Study indicates that 82% of patients with COVID-19 have a lack of vitamin D
The researchers observed that 82.2% of the 216 covid-19 patients at the Marqués de Valdecilla University Hospital had vitamin D deficiency, and that men had lower levels than women.
More than 80% of COVID-19 patients are deficient in vitamin D and this deficiency is more common in men, according to a study published in the Journal of Clinical Endocrinology & Metabolism in which 216 patients were observed.
The COVID-19 patients in this study were from the Marqués de Valdecilla University Hospital in the Spanish city of Santander. Vitamin D is a hormone produced by the kidneys that controls the concentration of calcium in the blood and affects the immune system, explains a statement from the Society for Endocrinology, which brings together more than 18,000 experts from 122 countries.

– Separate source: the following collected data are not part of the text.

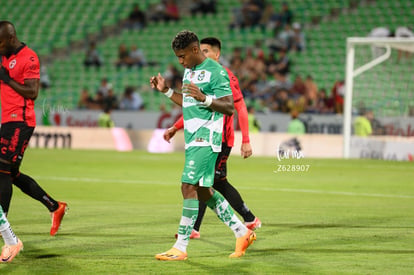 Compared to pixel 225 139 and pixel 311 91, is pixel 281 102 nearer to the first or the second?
pixel 311 91

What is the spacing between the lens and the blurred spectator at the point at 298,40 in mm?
30547

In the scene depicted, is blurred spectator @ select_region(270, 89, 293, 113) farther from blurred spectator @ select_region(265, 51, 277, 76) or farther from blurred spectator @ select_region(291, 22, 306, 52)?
blurred spectator @ select_region(291, 22, 306, 52)

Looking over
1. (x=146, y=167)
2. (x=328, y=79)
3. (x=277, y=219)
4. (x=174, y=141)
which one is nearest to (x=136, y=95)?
(x=174, y=141)

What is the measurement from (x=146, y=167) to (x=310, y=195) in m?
7.30

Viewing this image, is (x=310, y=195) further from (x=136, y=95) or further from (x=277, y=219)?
(x=136, y=95)

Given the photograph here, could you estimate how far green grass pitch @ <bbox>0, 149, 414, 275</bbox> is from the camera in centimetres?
674

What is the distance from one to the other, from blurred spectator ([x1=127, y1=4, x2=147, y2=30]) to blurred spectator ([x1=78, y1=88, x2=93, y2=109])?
5271mm

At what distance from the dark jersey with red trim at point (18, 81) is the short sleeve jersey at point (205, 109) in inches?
73.8

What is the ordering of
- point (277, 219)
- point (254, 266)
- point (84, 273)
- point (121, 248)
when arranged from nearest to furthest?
point (84, 273) → point (254, 266) → point (121, 248) → point (277, 219)

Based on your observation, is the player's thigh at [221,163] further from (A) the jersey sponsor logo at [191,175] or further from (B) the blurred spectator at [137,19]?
(B) the blurred spectator at [137,19]

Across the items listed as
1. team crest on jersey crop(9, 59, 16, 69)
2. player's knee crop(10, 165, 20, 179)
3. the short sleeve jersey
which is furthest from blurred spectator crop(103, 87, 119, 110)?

Its deficiency is related to a variety of health problems, but the scientific community is still investigating why. Also, more and more studies point to the beneficial effect of vitamin D on the immune system, especially with regard to protection against infections.
In this sense, José L. Hernández, from the Spanish University of Cantabria, indicates that one approach would be to identify and treat vitamin D deficiency, especially in those groups at high risk of the COVID-19 disease, such as the elderly or patients with comorbidities.
Treatment with vitamin D should be recommended for COVID-19 patients with low levels of the hormone in the blood, as this approach could have beneficial effects on both the musculoskeletal and immune systems, says this expert.
The researchers observed that 82.2% of the 216 COVID-19 patients at the Marqués de Valdecilla University Hospital had vitamin D deficiency, and that men had lower levels than women.
Specifically, according to this study, COVID-19 patients with lower vitamin D levels also had elevated serum levels of inflammatory markers such as ferritin and D-dimer (a marker related to blood clotting problems).
The scientists in this study found no relationship between vitamin D levels or deficiency and the severity of the disease. The authors acknowledge that the work has some limitations, for example, that it was carried out in a single hospital center, so the data may not be generalized to other settings, ethnicities or countries.
It is also an observational study, so whether vitamin D treatment plays a role in preventing the disease or improving the prognosis of patients with COVID-19 will have to be elucidated in large randomized controlled trials.
These trials are certainly necessary to precisely define the role of supplementation with this vitamin in future waves of SARS-CoV-2 infections, the authors summarize.